> Directions:
Copy, with no pictures, the line that contains "KV Models 14371" and each line after it down to the end of the entries below, exactly.

> Input material:
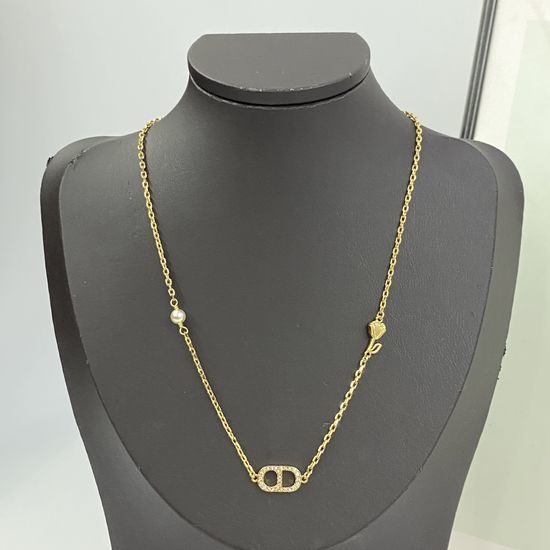 Christian Dior CD Elegant Pearl Floral Rhinestone Necklace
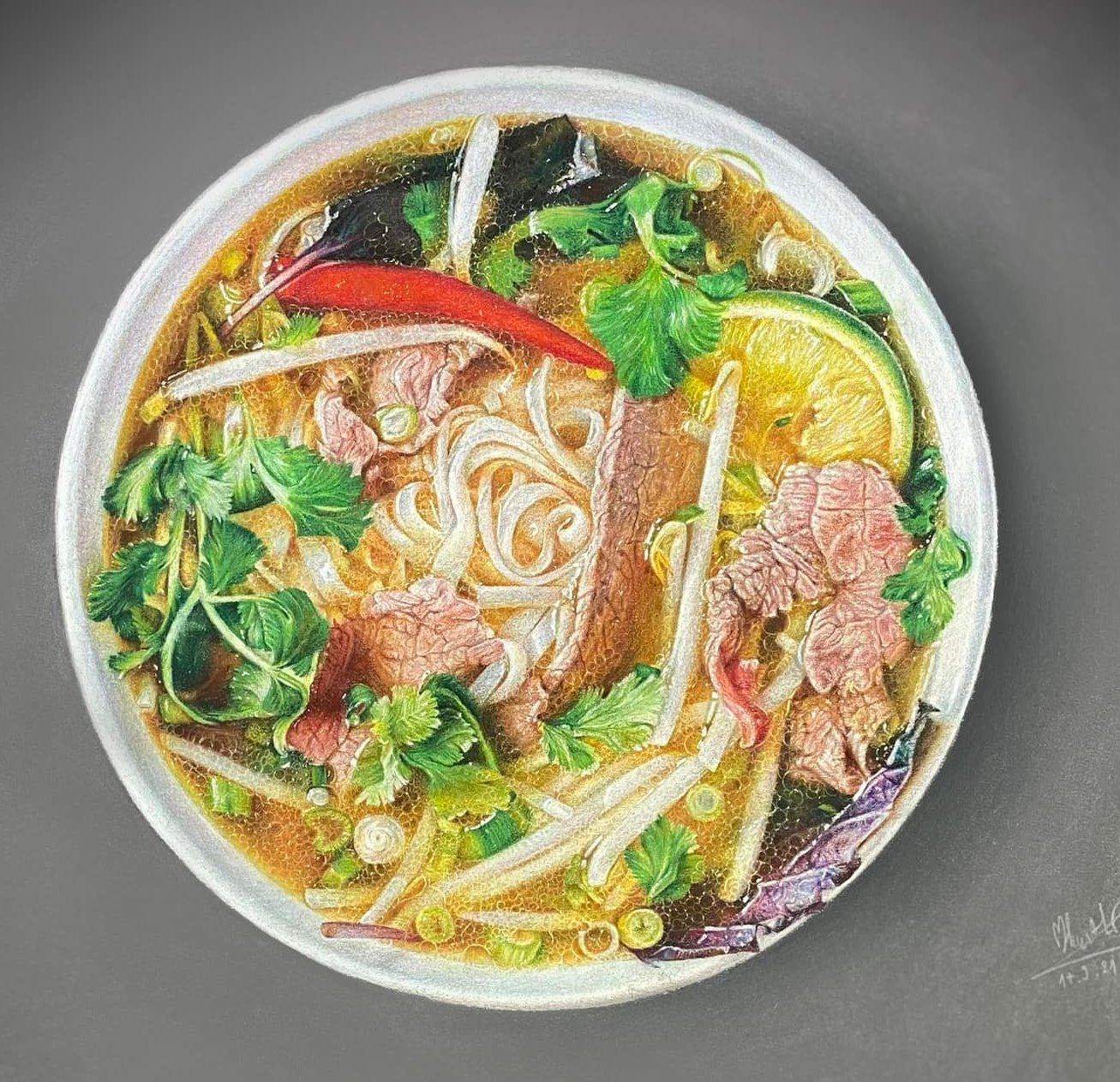 Ho Chi Minh City man stuns viewers with ‘pho’ painting that cannot be more real
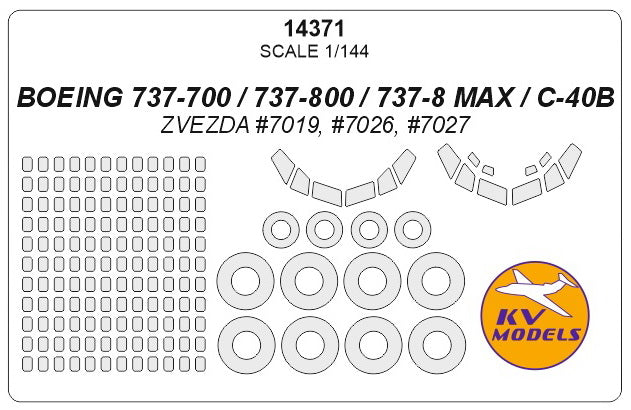 KV Models 14371 1:144 Boeing 737-700/737-800/737-8 MAX/C-40B canopy frame paint mask AND wheel paint mask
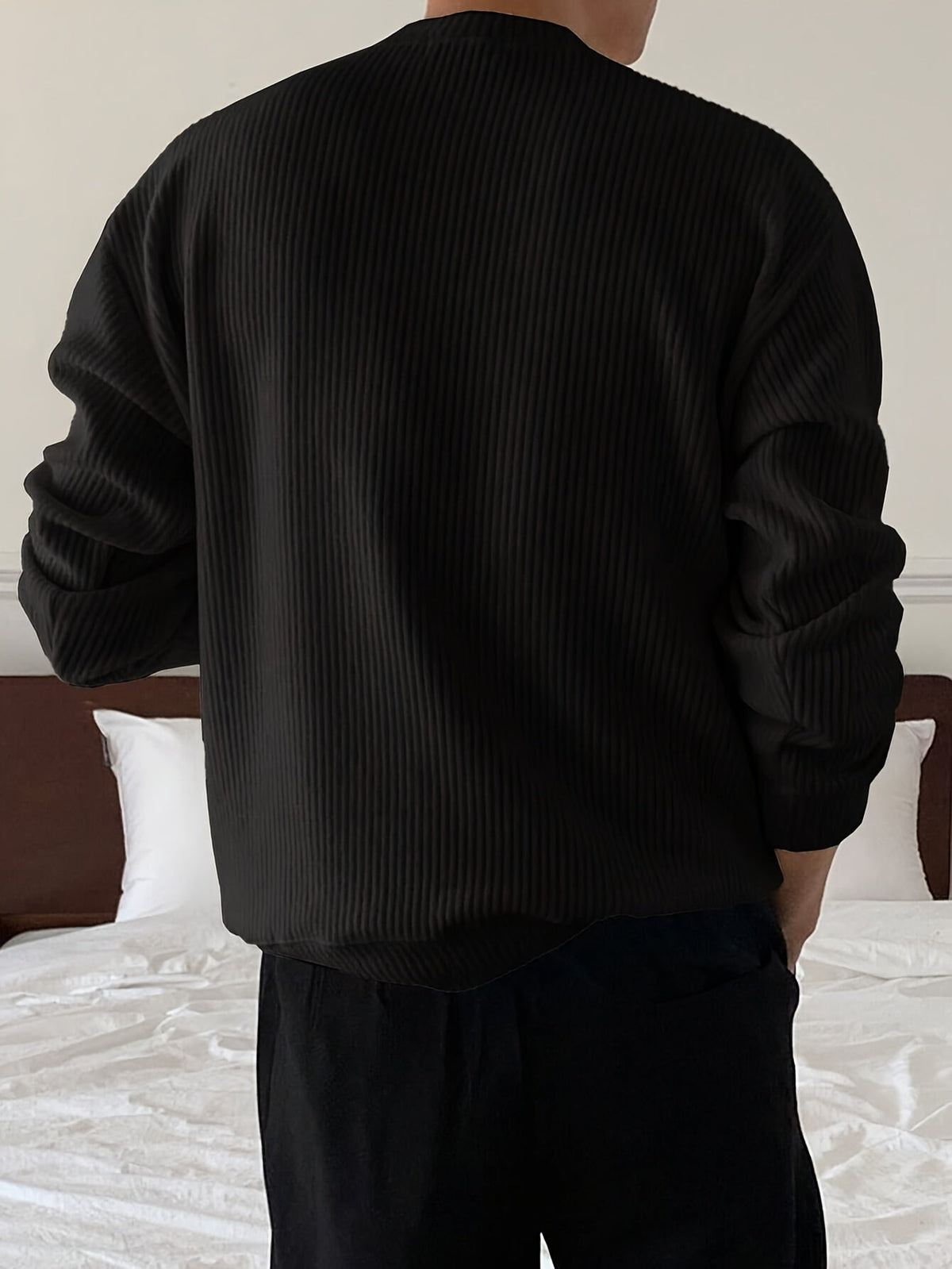 Men's Ribbed Crew-Neck Sweater - Loose Fit Knit Pullover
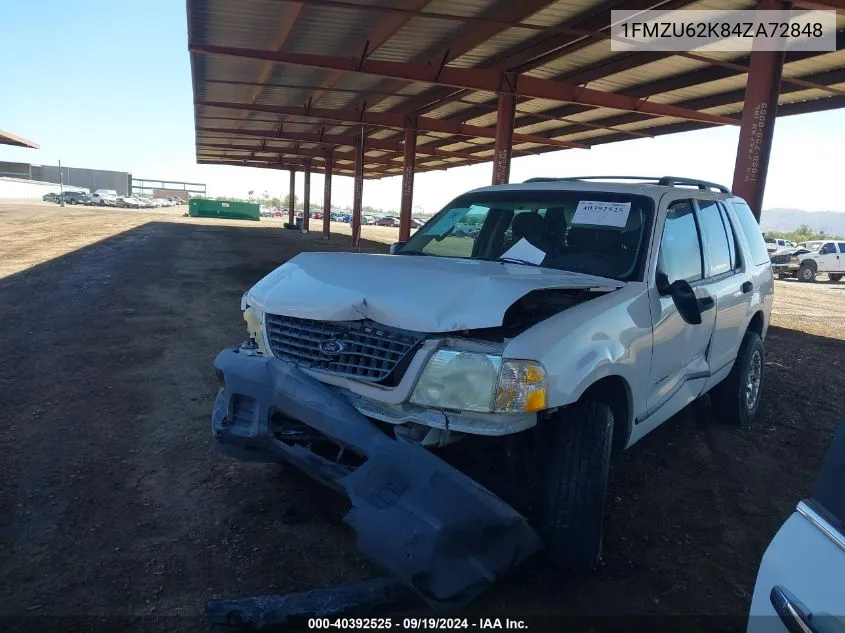 2004 Ford Explorer Xls VIN: 1FMZU62K84ZA72848 Lot: 40392525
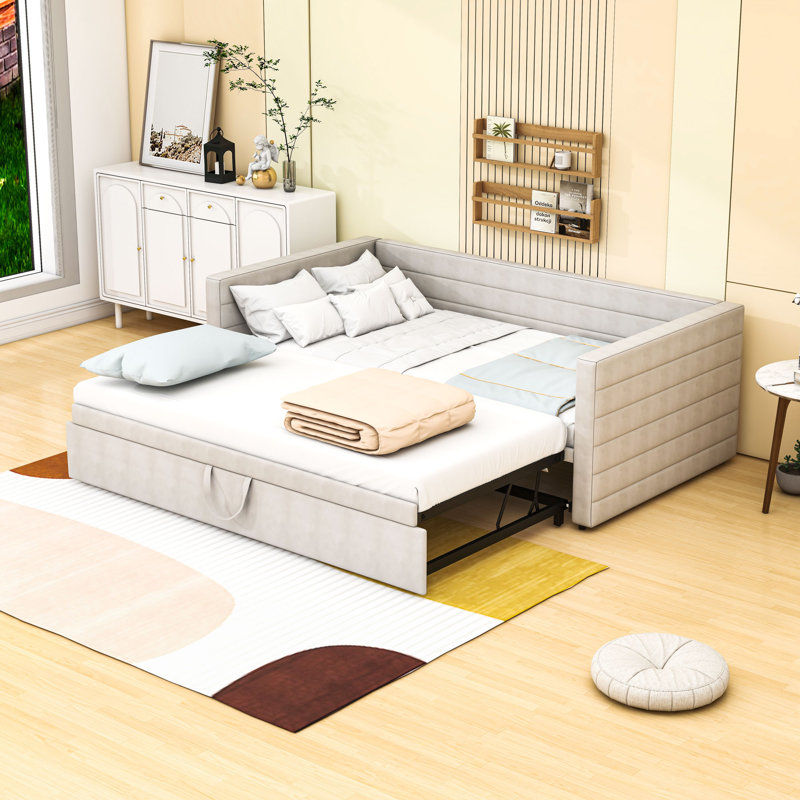 Lit de jour simple en chenille rembourré avec lit gigogne simple, Beige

> Exercise output:
 KV Models 14371 1:144 Boeing 737-700/737-800/737-8 MAX/C-40B canopy frame paint mask AND wheel paint mask
 Men's Ribbed Crew-Neck Sweater - Loose Fit Knit Pullover
 2004 Ford Explorer Xls VIN: 1FMZU62K84ZA72848 Lot: 40392525
 Lit de jour simple en chenille rembourré avec lit gigogne simple, Beige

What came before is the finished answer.